===== Data block
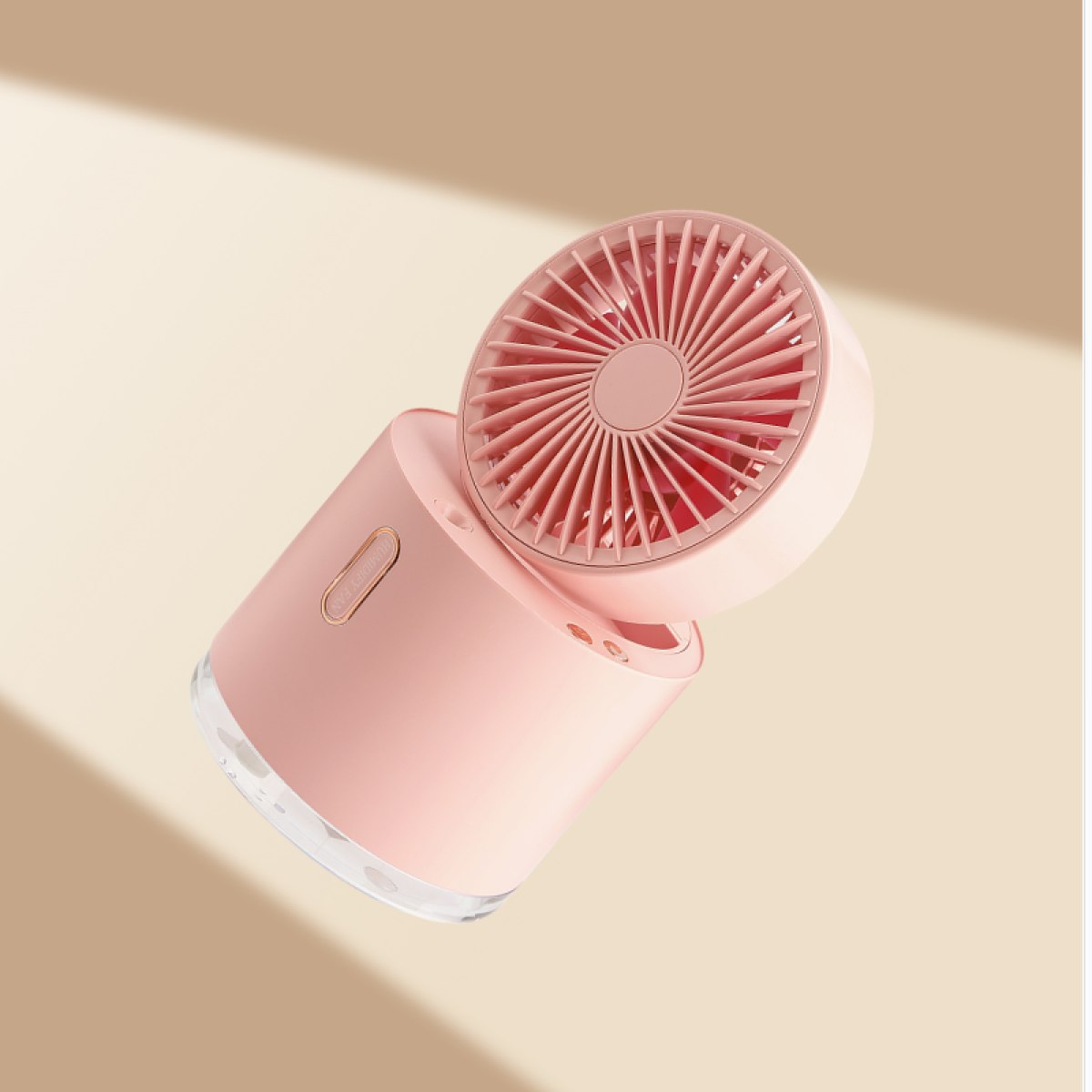 Un ventilador portátil rosa y blanco. El cabezal del ventilador está inclinado y tiene un diseño circular. La base es cilíndrica con fondo transparente.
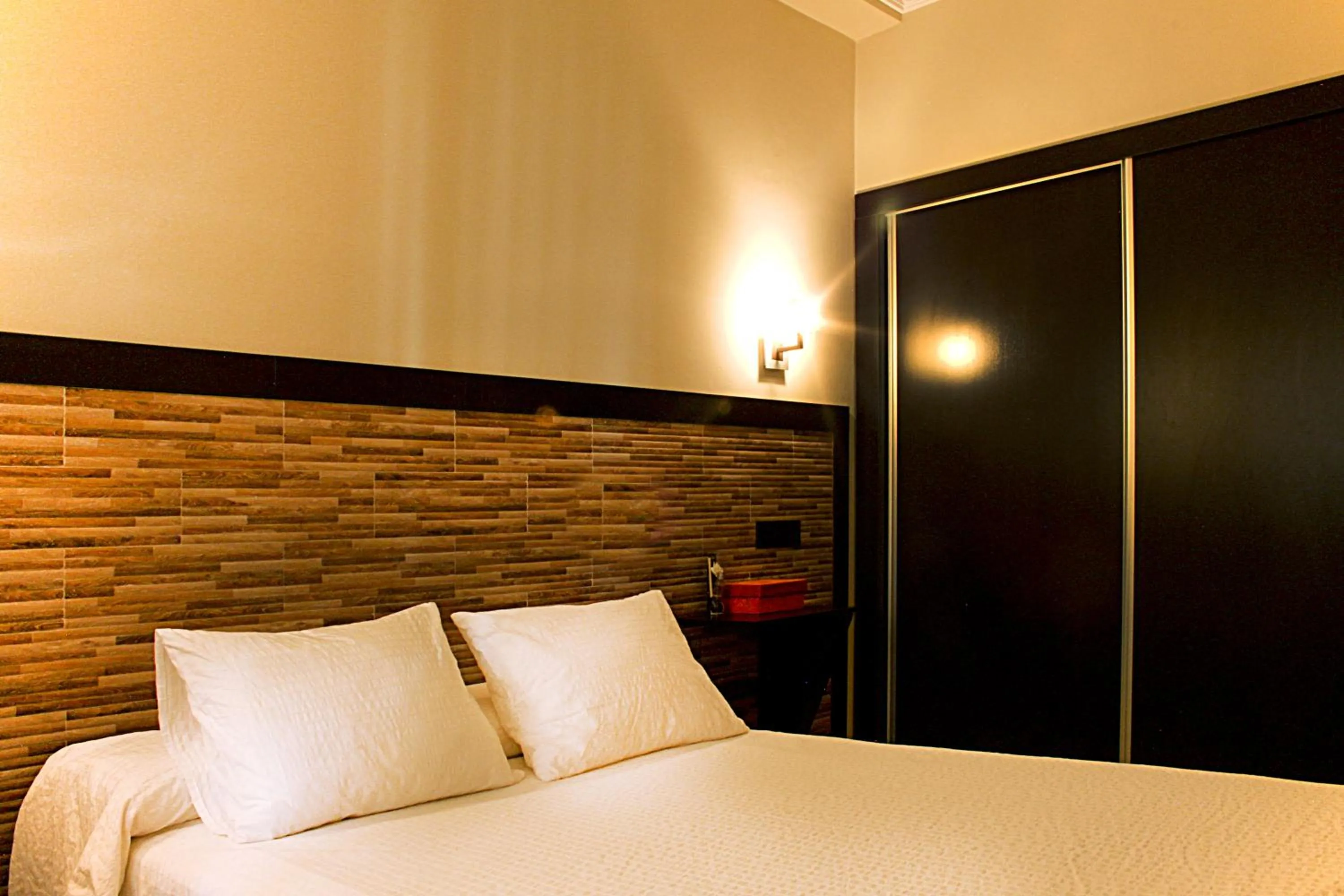 Bedroom, Bed in Apartamentos Turísticos Cúllar Vega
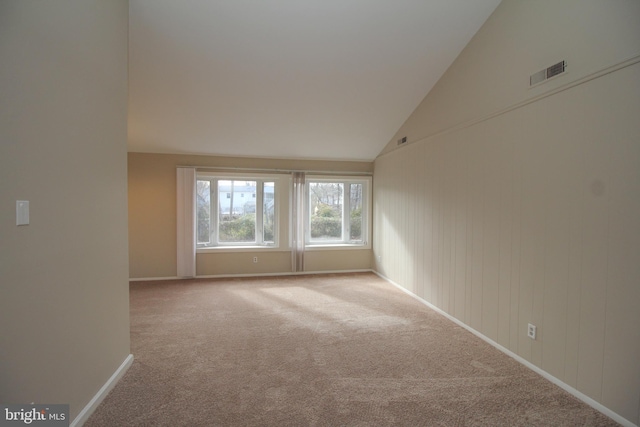 unfurnished room with carpet flooring and vaulted ceiling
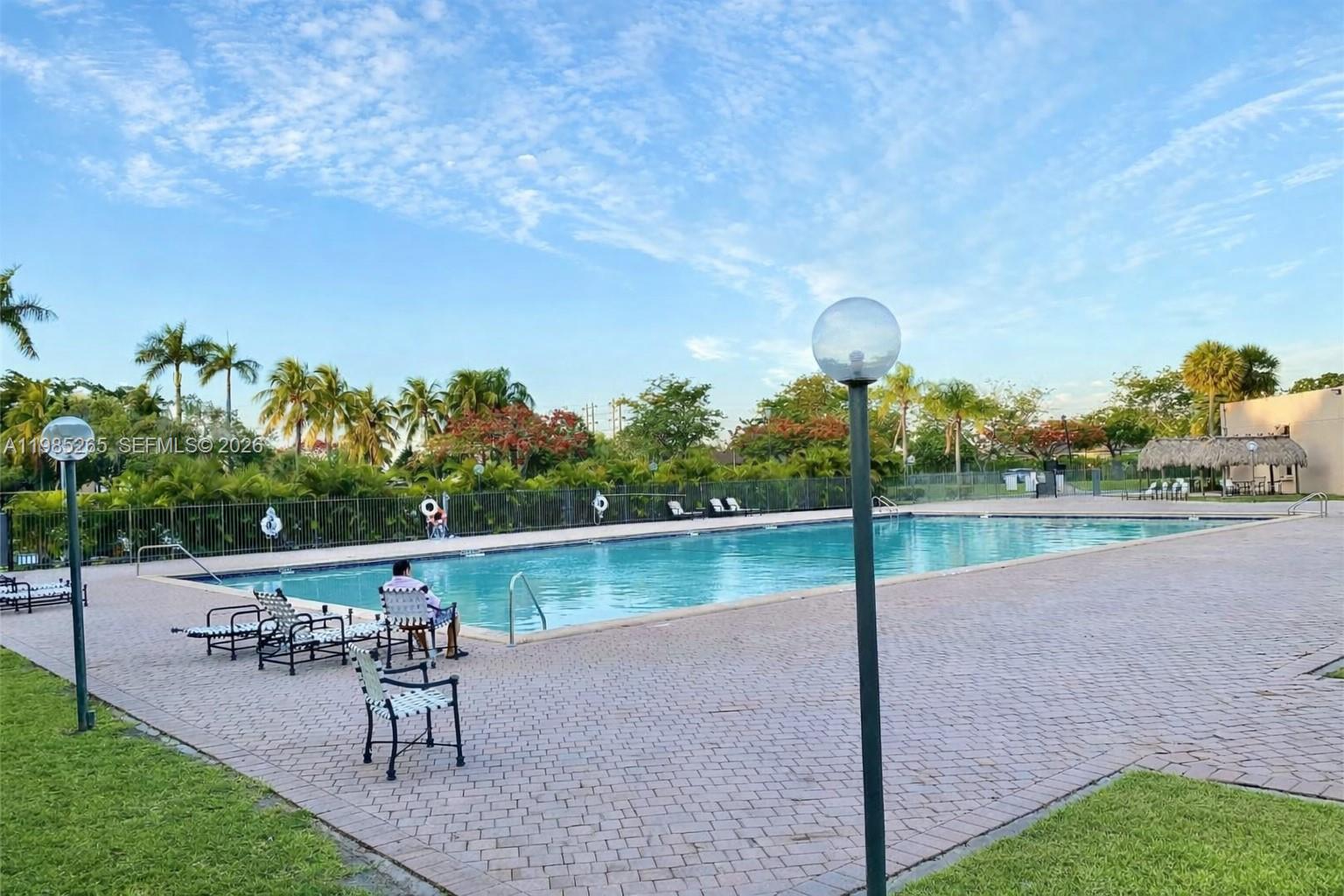 8520 Southwest 133rd Avenue Road, Unit 112 Miami, FL 33183 - Photo 11 of 11 a view of a backyard with a patio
==========
Assignment:
The lines to write out run from the one containing "unfurnished room with" through the final line of the material above, both included; write them out exactly, with no pictures.

Output for this exercise:
 unfurnished room with carpet flooring and vaulted ceiling
 8520 Southwest 133rd Avenue Road, Unit 112 Miami, FL 33183 - Photo 11 of 11 a view of a backyard with a patio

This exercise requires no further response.